Figure 11First-order assessment of adherence to guidelines of selected microfossil datasets from PANGAEA. Data attributes ranked as essential for reuse are highlighted in italics and bold; items with an asterisk are default variables at PANGAEA. Not all properties are applicable to each dataset, so the number of datasets considered for the calculation is given on the right of each bar in grey.

Download

7 A more reusable example

To provide an example of a marine microfossil abundance dataset that meets the requirements for reuse and includes all essential data aspects, the planktonic foraminifera assemblage data from IODP Site 306-U1314 were upgraded by the data generator.

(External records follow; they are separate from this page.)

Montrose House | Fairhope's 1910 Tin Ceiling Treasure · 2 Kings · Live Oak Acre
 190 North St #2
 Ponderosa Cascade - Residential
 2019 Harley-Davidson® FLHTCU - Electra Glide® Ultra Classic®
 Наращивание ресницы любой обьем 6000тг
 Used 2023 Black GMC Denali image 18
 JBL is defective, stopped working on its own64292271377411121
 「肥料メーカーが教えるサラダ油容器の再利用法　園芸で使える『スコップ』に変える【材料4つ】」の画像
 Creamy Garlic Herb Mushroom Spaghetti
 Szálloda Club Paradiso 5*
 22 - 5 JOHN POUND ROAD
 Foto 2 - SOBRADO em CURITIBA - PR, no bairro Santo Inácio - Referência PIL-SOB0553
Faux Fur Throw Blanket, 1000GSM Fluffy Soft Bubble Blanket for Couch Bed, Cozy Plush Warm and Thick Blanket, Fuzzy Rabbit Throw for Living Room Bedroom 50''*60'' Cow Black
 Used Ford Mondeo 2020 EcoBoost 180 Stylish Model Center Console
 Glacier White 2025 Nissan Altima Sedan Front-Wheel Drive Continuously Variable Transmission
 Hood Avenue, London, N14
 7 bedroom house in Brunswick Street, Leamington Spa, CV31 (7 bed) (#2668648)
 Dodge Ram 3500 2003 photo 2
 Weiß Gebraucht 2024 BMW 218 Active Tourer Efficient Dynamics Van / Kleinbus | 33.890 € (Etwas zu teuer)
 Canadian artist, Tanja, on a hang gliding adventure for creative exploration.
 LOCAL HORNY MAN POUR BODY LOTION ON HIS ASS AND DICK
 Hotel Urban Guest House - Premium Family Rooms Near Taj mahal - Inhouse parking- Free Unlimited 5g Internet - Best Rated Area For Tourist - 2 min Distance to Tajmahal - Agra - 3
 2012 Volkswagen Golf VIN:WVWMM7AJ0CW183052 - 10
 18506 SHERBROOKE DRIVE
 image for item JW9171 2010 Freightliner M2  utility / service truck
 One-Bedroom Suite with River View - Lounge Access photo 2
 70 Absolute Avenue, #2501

The original dataset (Alonso-Garcia et al., 2011b) was deposited at PANGAEA to allow reproducibility of a study investigating arctic front shifts during the mid-Pleistocene (Alonso-Garcia et al., 2011a). Of the essential data aspects, the originally deposited dataset lacked details on the methodology, chronology, and taxonomy. In addition, the abundance data did not cover all species, were reported as percentages, and contained abundances of lumped taxa/species groups that were not described. Sample depths and sample allocation to hole, core, and section were also unclear or not given.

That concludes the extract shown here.